How to avoid products with palm oil:

The WWF has a great guide to help you understand which everyday products contain palm oil so you can avoid them.

Say No To Palm Oil has a 28 day challenge that serves as a great recipe and brand guide that will make reducing your palm oil consumption much easier.

Apps to make conscious shopping easier:


Buycott is an app that makes it easy to support or boycott specific campaigns when you shop. For example, if you’re against products with GMOs, you can follow the non-GMO campaign and find out which products align with your values. You can boycott things like child labor, whole brands like Nestle, or even “Trump products”. Give it a shot.

Think Dirty

Think Dirty is an app and website that helps women identify safe beauty and personal products by making product and brand research really easy. Not sure about a cosmetic product?
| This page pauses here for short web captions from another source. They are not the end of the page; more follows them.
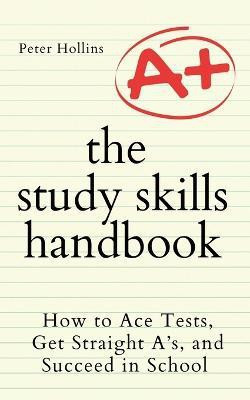 The Study Skills Handbook(English, Paperback, Hollins Peter)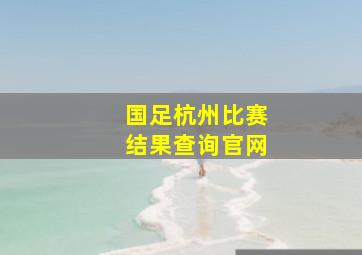 国足杭州比赛结果查询官网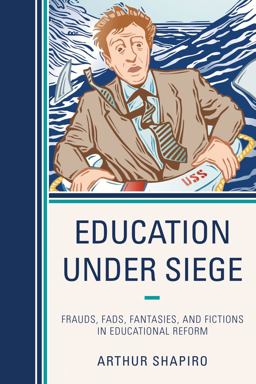 Education under Siege Frauds, Fads, Fantasies and Fictions in Educational Reform  9781475803075 Front Cover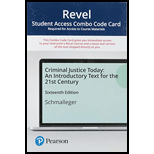 Criminal Justice Today An Introductory Text for the 21st Century  Revel Access 16TH 21 Edition, by Frank Schmalleger - ISBN 9780135778760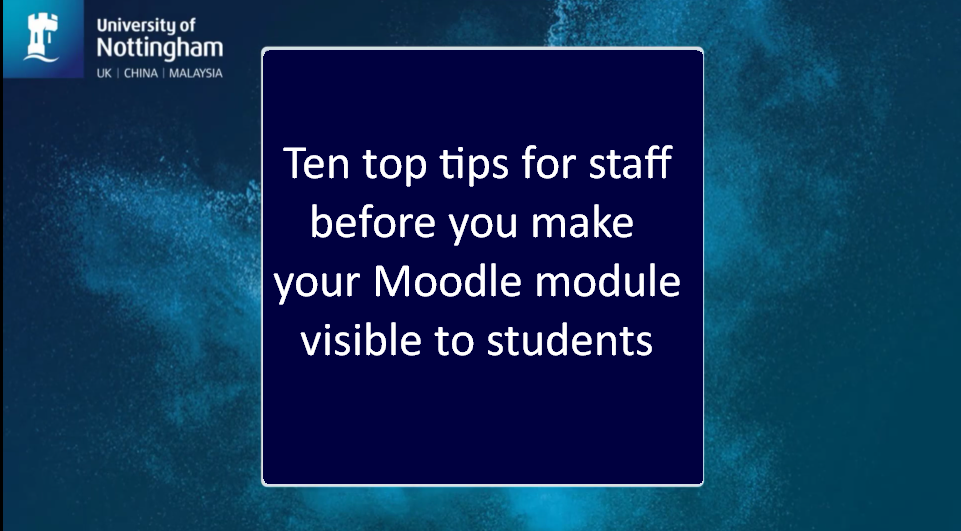 Ten top tips before making Moodle module visible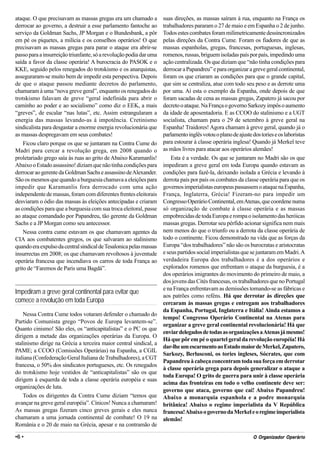ataque. O que precisavam as massas gregas era um chamado a          suas direções, as massas saíram à rua, enquanto na França os
derrocar ao governo, a destruir a esse parlamento fantoche ao       trabalhadores pararam o 27 de maio e em Espanha o 2 de junho.
serviço da Goldman Sachs, JP Morgan e o Bundesbank, a pôr           Todos estes combates foram milimetricamente dessincronizados
em pé os piquetes, a milícia e os conselhos operários! O que        pelas direções da Contra Cume. Foram os fiadores de que as
precisavam as massas gregas para parar o ataque era abrir-se        massas espanholas, gregas, francesas, portuguesas, inglesas,
passo para a insurreição triunfante, só a revolução podia dar uma   romenos, russas, briguem isoladas país por país, impedindo uma
saída a favor da classe operária! A burocracia do PASOK e o         ação centralizada. Os que diziam que “não tinha condições para
KKE, seguido pelos renegados do trotskismo e os anarquistas,        derrocar a Papandreu” e para organizar a greve geral continental,
asseguraram-se muito bem de impedir esta perspectiva. Depois        foram os que criaram as condições para que o grande capital,
de que o ataque passou mediante decretos do parlamento,             que sim se centraliza, atue com todo seu peso e as derrote uma
chamaram à uma “nova greve geral”, enquanto os renegados do         por uma. Aí esta o exemplo da Espanha, onde depois de que
trotskismo falavam de greve “geral indefinida para abrir o          foram sacadas de cena as massas gregas, Zapatero já sacou por
caminho ao poder e ao socialismo” como diz o EEK, a mais            decreto o ataque. Na França o governo Sarkozy impôs o aumento
“greves”, de escalar “nas lutas”, etc. Assim estrangularam a        da idade de aposentadoria. E as CCOO do stalinismo e a UGT
energia das massas levando-as à impotência. Cretinismo              socialista, chamam para o 29 de setembro à greve geral na
sindicalista para desgastar a enorme energia revolucionária que     Espanha! Traidores! Agora chamam à greve geral, quando já o
as massas despregavam em seus combates!                             parlamento inglês votou o plano de ajuste dos tories e os laboristas
    Ficou claro porque os que se juntaram na Contra Cume do         para estourar à classe operária inglesa! Quando já Merkel teve
Madri para cercar a revolução grega, em 2008 quando o               as mãos livres para atacar aos operários alemães!
proletariado grego saía às ruas ao grito de Abaixo Karamanlis!          Esta é a verdade. Os que se juntaram no Madri são os que
Abaixo o Estado assassino! diziam que não tinha condições para      impediram a greve geral em toda Europa quando estavam as
derrocar ao gerente da Goldman Sachs e assassino de Alexander.      condições para fazê-la, deixando isolada a Grécia e levando à
São os mesmos que quando a burguesia chamava a eleições para        derrota país por país os combates da classe operária para que os
impedir que Karamanlis fora derrocado com uma ação                  governos imperialistas europeus passassem o ataque na Espanha,
independente de massas, foram com diferentes frentes eleitorais     França, Inglaterra, Grécia! Fizeram-no para impedir um
desviaram o ódio das massas às eleições antecipadas e criaram       Congresso Operário Continental, em Atenas, que coordene numa
as condições para que a burguesia com sua troca eleitoral, passe    só organização de combate à classe operária e as massas
ao ataque comandado por Papandreu, tão gerente da Goldman           empobrecidas de toda Europa e rompa o isolamento das heróicas
Sachs e a JP Morgan como seu antecessor.                            massas gregas. Derrotar seu pérfido acionar significa nem mais
    Nessa contra cume estavam os que chamavam agentes da            nem menos do que o triunfo ou a derrota da classe operária de
CIA aos combatentes gregos, os que salvaram ao stalinismo           todo o continente. Ficou demonstrado na vida que as forças da
quando era expulso da central sindical de Tesalonica pelas massas   Europa “dos trabalhadores” não são os burocratas e aristocratas
insurrectas em 2008; os que chamavam revoltosos à juventude         e seus partidos social imperialistas que se juntaram em Madri. A
operária francesa que incendiava os carros de toda França ao        verdadeira Europa dos trabalhadores é a dos operários e
grito de “Faremos de Paris uma Bagdá”.                              explorados romenos que enfrentam o ataque da burguesia, é a
                                                                    dos operários imigrantes do movimento do primeiro de maio, a
                                                                    dos jovens das Cités francesas, os trabalhadores que no Portugal
                                                                    e na França enfrentavam as demissões tomando-se as fábricas e
Impediram a greve geral continental para evitar que
                                                                    aos patrões como reféns. Há que derrotar às direções que
comece a revolução em toda Europa                                   cercaram às massas gregas e entregam aos trabalhadores
                                                                    da Espanha, Portugal, Inglaterra e Itália! Ainda estamos a
    Nessa Contra Cume todos votaram defender o chamado do
                                                                    tempo! Congresso Operário Continental na Atenas para
Partido Comunista grego “Povos de Europa levantem-se”.
                                                                    organizar a greve geral continental revolucionária! Há que
Quanto cinismo! São eles, os “anticapitalistas” e o PC os que
                                                                    enviar delegados de todas as organizações a Atenas já mesmo!
dirigem a metade das organizações operárias da Europa. O
                                                                    Há que pôr em pé o quartel geral da revolução européia! Há
stalinismo dirige na Grécia a terceira maior central sindical, a
                                                                    dar-lhe um escarmento ao Estado maior de Merkel, Zapatero,
PAME; a CCOO (Comissões Operárias) na Espanha, a CGIL
                                                                    Sarkozy, Berlusconi, os tories ingleses, Sócrates, que com
italiana (Confederação Geral Italiana de Trabalhadores), a CGT
                                                                    Papandreu à cabeça concentram toda sua força em derrotar
francesa, o 50% dos sindicatos portugueses, etc. Os renegados
                                                                    à classe operária grega para depois generalizar o ataque a
do trotskismo hoje vestidos de “anticapitalistas” são os que
                                                                    toda Europa! O grito de guerra para unir à classe operária
dirigem à esquerda de toda a classe operária européia e suas
                                                                    acima das fronteiras em todo o velho continente deve ser:
organizações de luta.
                                                                    governo que ataca, governo que cai! Abaixo Papandreu!
    Todos os dirigentes da Contra Cume diziam “temos que            Abaixo a monarquia espanhola e a podre monarquia
avançar na greve geral européia”. Cínicos! Nunca a chamaram!        britânica! Abaixo o regime imperialista da V República
As massas gregas fizeram cinco greves gerais e eles nunca           francesa! Abaixo o governo da Merkel e o regime imperialista
chamaram a uma jornada continental de combate! O 19 na              alemão!
România e o 20 de maio na Grécia, apesar e na contramão de

•6 •                                                                                                             Org
                                                                                                               O Organizador Operário
 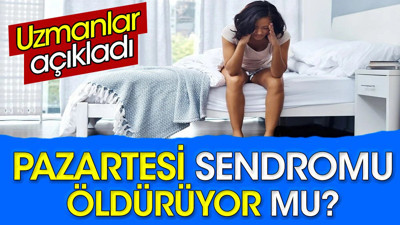Pazartesi sendromu öldürüyor mu? Uzmanlar açıkladı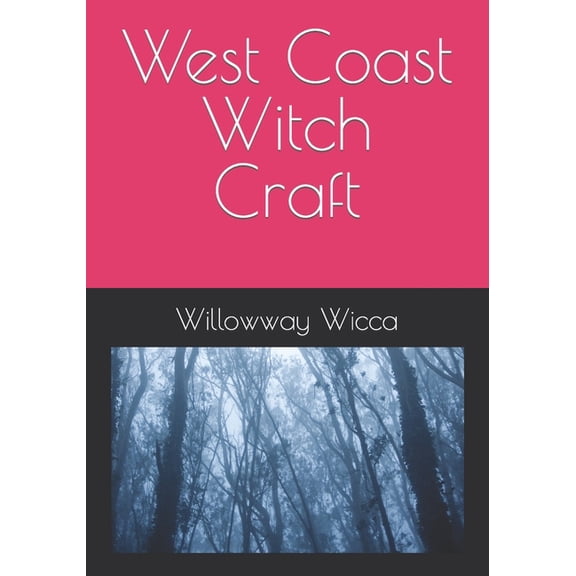 West Coast Witch Craft, (Paperback)
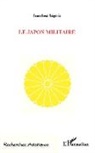Jean-José Ségéric - Le Japon militaire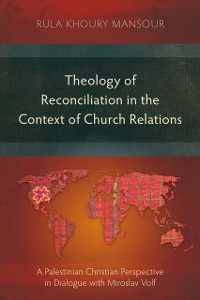 Cover Theology of Reconciliation in the Context of Church Relations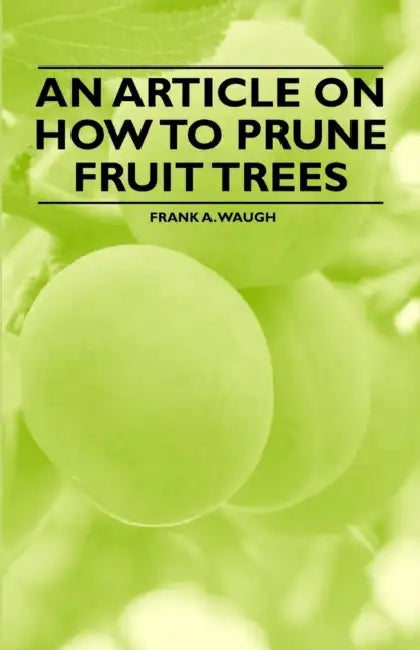 An Article on How to Prune Fruit Trees by Frank A. Waugh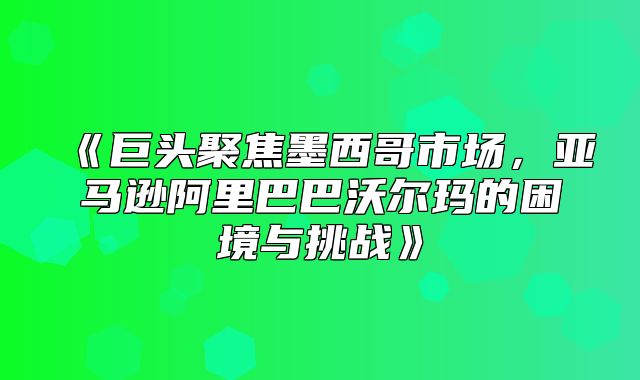 巨头聚焦墨西哥市场，亚马逊阿里巴巴沃尔玛的困境与挑战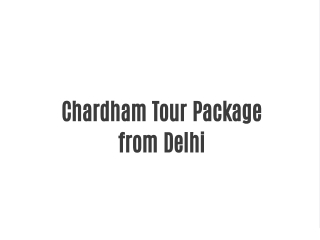 chardham tour package from delhi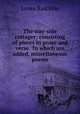The way-side cottager; consisting of pieces in prose and verse. To which are added, miscellaneous poems, 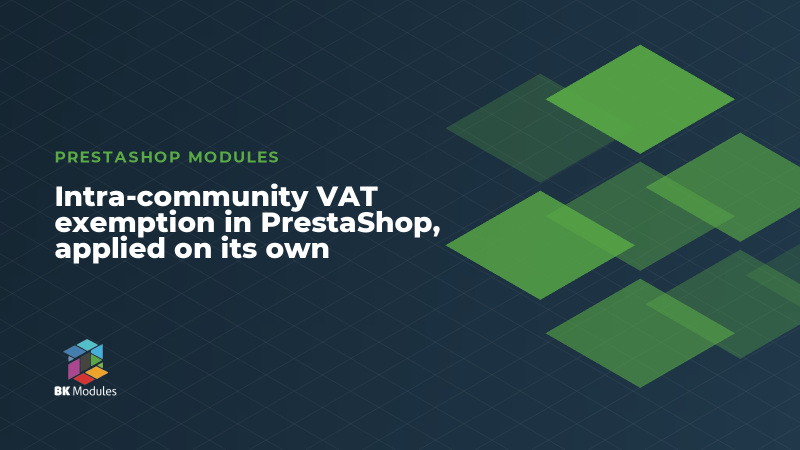 Intra-community VAT exemption in PrestaShop, applied on its own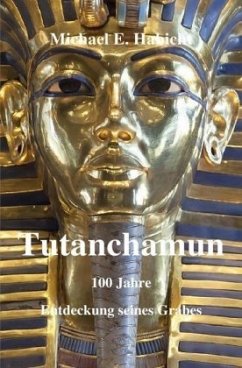 Tutanchamun - Habicht, Michael E.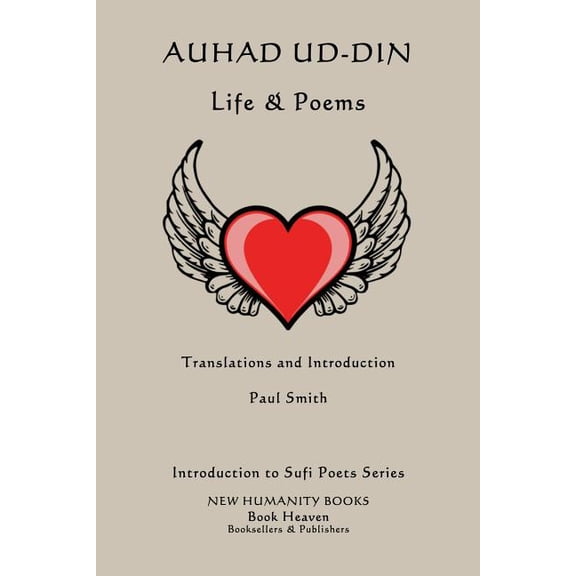 Introduction to Sufi Poets: Auhad ud-din: Life & Poems (Paperback)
Look it up with Think Dirty.

Join the Conversation


  1. lovely post – sometimes its so overwhelming trying to do ‘the right thing’, so I always liked the Ghandi line, become the change you want to see in the world, and in my case its just doing what I can in my choices, as I do not get involved with pressure groups, marchs etc beyond signing online campaigns. I know that economically for me it made more sense also to eat seasonally and locally, I dont have a food chart on my wall, I just use the prices in the vegetable stall as an indicator.

    1. Thanks Eimear, I think the “everyday activist” is becoming more popular as people educate themselves more on the impact of their purchases. We’ve already seen a big increase in green marketing as a result of consumer’s spending trends.